Source material:
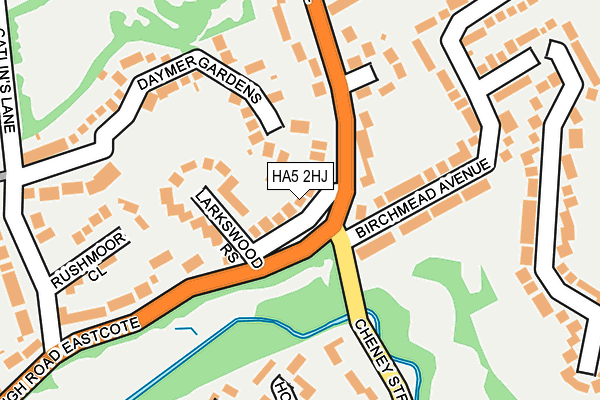 HA5 2HJ map - OS OpenMap – Local (Ordnance Survey)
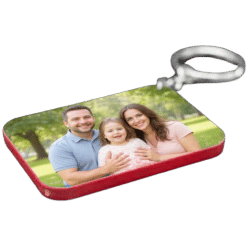 Alternative view of Keyring (Polymer; Red edge; 4.8cm x 6.7cm; Each)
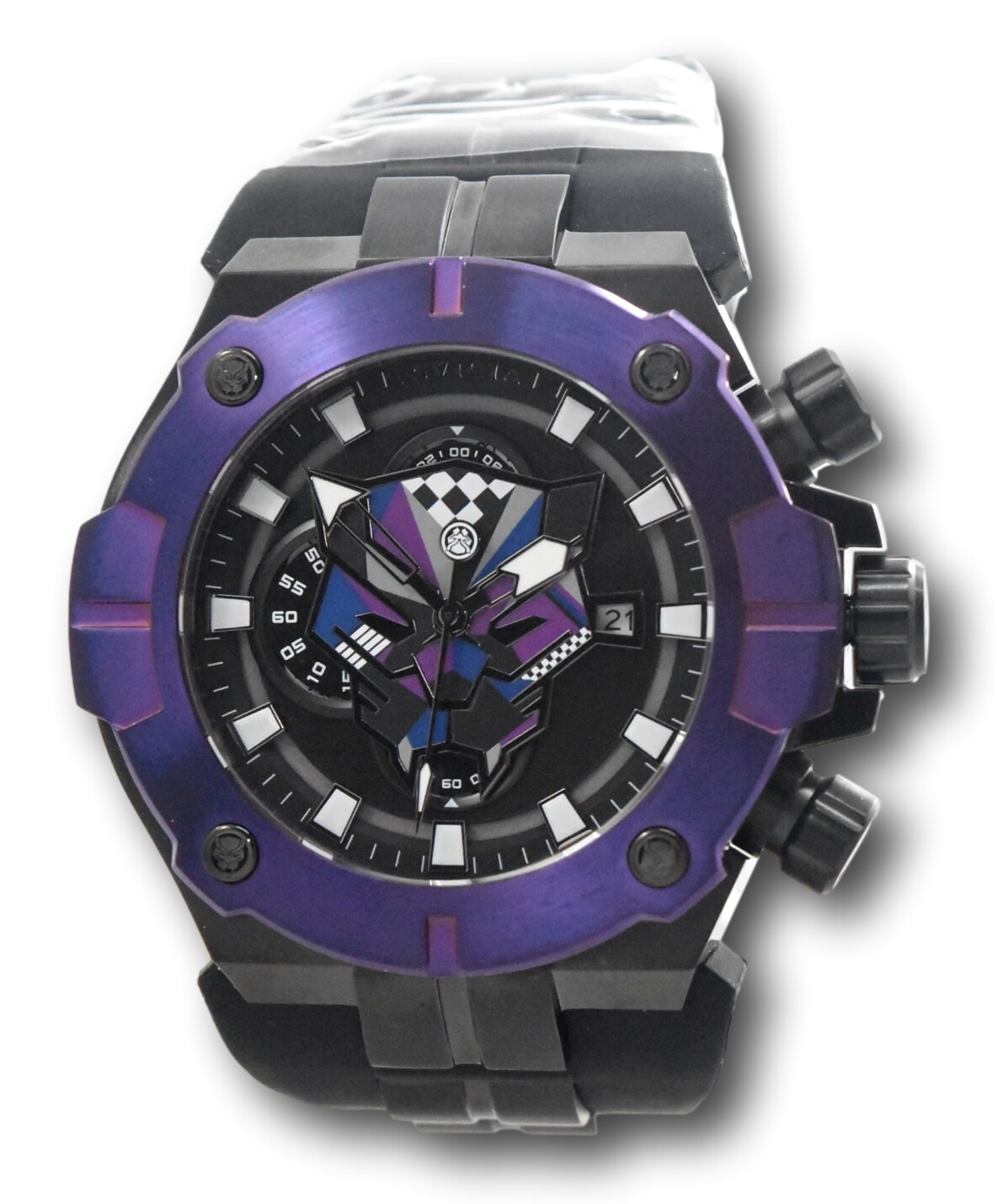 Invicta Marvel Black Panther Men’s 52mm Limited Chronograph Watch 36356 RARE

Exercise instructions: Every line from the one containing "Alternative view of" through the last line of the data is to be retyped exactly, with nothing added and no pictures included.

Reply:
 Alternative view of Keyring (Polymer; Red edge; 4.8cm x 6.7cm; Each)
 Invicta Marvel Black Panther Men’s 52mm Limited Chronograph Watch 36356 RARE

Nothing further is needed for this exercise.